3000lbs of Mackeral to get a Tuna to 300lb. Cost of Mackeral would be about £1.50 ? per lb so it would cost you 4.5k to feed it.

Add to that the cost to keep the Tuna in cages ...total guess...£500 per fish per year and if we say it takes a Tuna 5 years to get to maturity that means it costs you 2.5k to house it.

So total cost would be 7k ...sell on price 20k ...net profit 13k.

Sounds like good business to me....as long as people keep eating Tuna...
Phil the figure 20k was for wild fish, which in Japan is the equivalent of the best Aberdeen Angus carcass here.

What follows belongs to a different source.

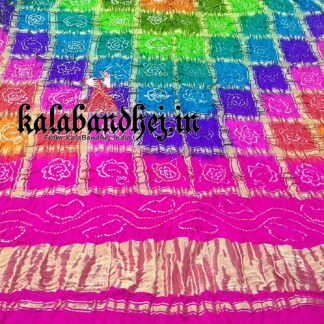 Multi Color Bandhani Gharchola Dupatta Pure Gaji Silk 02 Bandhani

It didn't give the figure for farmed Bluefin, which is probably lower than 20K. It did and so did the prof stress the fact that Bluefin is now so rare in the wild, it commands such a price.
Nevertheless, I take the point you make about "good business" it has to be economic, else they'd have never scaled it up to farming them.

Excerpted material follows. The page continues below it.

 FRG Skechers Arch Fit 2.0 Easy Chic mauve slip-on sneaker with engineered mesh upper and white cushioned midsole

What wasn't said further to farming them, was whether they also released offspring back into the wider oceans to supplement the wild stock.

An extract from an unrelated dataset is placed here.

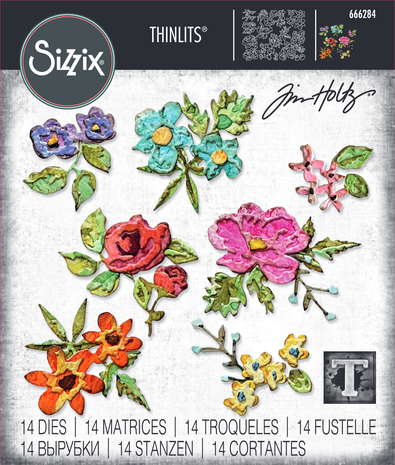 Sizzix Thinlits Die by Tim Holtz Brushstroke Flowers Mini (14pcs) (666284) Sizzix Thinlits Die by Tim Holtz Brushstroke Flowers Mini (14pcs) (666284)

There's very little danger in Japan that people would stop eating fish as it culturally ingrained in them.

The programme the info came from is well worth a watch on iplayer - Fish! the Japanese obsession. It runs for about hour and half and covers everything to do with fish in Japan, Koi keeping and the cost of them, the dressing of the poisonous puffer fish, women divers for sea urchins who are in their 70s and still diving.